Lebanon belongs to the heartland of Christianity, and thereby to the storm center of Christian heresy and schism. Quarrels over the nature of Christ are no longer the staple of relations between Christians, but 1,500 years ago they were. The Nestorians, who believed that in Christ there were two separate beings, and the Monophysites, who believed that Christ had a divine nature alone, energetically propagated their doctrines against the official teaching that Christ was a single person with a divine and a human nature. The Monothelites, who believed in two natures but a single will, were later entrants to the fray; later still were the Orthodox schismatics, who had their own views about how the Holy Spirit descended from Father to Son. Regionalism and difficulties of communication between regions solidified these differences. Thus, the Christians of the Euphrates Valley became firmly Nestorian, the Armenians Monophysite, and the Maronites, now the leading Lebanese Christian community, Monothelite. The Syrian Christians eventually came to be numbered among the Orthodox churches. But these were not outcomes that Rome would let rest. At various periods between the Crusades, which greatly strengthened papal influence in the Levant, and the eighteenth century, Roman emissaries talked these churches or portions of them back into the fold, within which they preserved their own rites and customs. The Maronites came back en masse, the local Orthodox in part, the Armenians in a minority. The result is that there are today in Lebanon ten separate versions of historic Christianity: Maronite, Syrian Orthodox and Catholic, Greek Orthodox and Catholic, Armenian Orthodox and Catholic, Chaldean and Assyrian Nestorians, and some mainstream Roman Catholics, under no fewer than five professed occupants of the ancient Patriarchate of Antioch. The presence of some undisputatious Lebanese Presbyterians seems a comparative blessing.

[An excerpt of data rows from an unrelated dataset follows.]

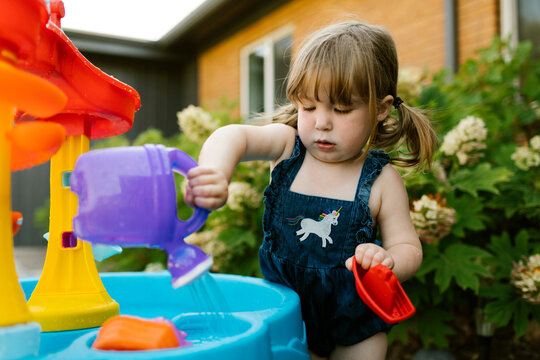 Toddler girl (2-3) playing with water in garden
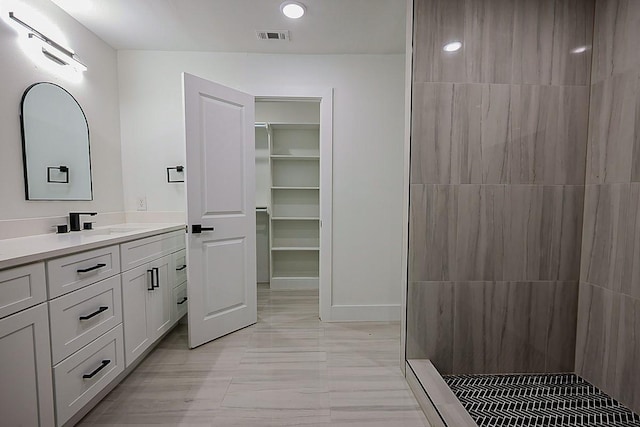 701 N Carrier Pkwy, Grand Prairie, TX 75050 - bathroom featuring vanity, a tile shower, and a walk in closet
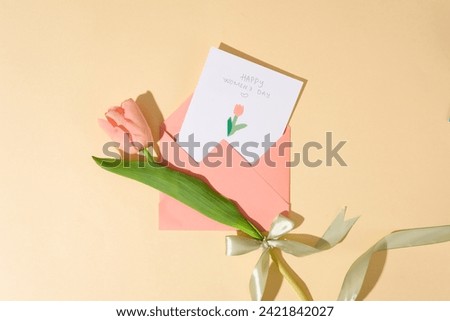 Top view of an envelope in pink color featured a paper with the text “Happy Women's Day” and a paper tulip flower. The earliest reported Women's Day event, called National Women's Day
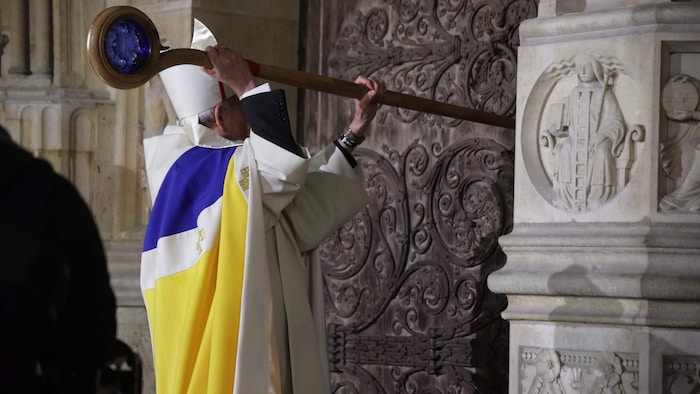 The Archbishop of Paris, Laurent Ulrich, knocked on the gate with his staff.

Many of the representatives of the ancient churches would not be where they are but for the second important religious factor: the Arab conquest and the waves of religious persecution that the rise of Islam provoked. Moslems should not under Koranic law and do not much in practice persecute Christians. But all sects fall short of perfection by their own standards. Islam, which is a political as well as a religious system, often seems to be persecuting when, by its own lights, it is merely punishing non-Moslems for dissidence or aggression. The effect is the same.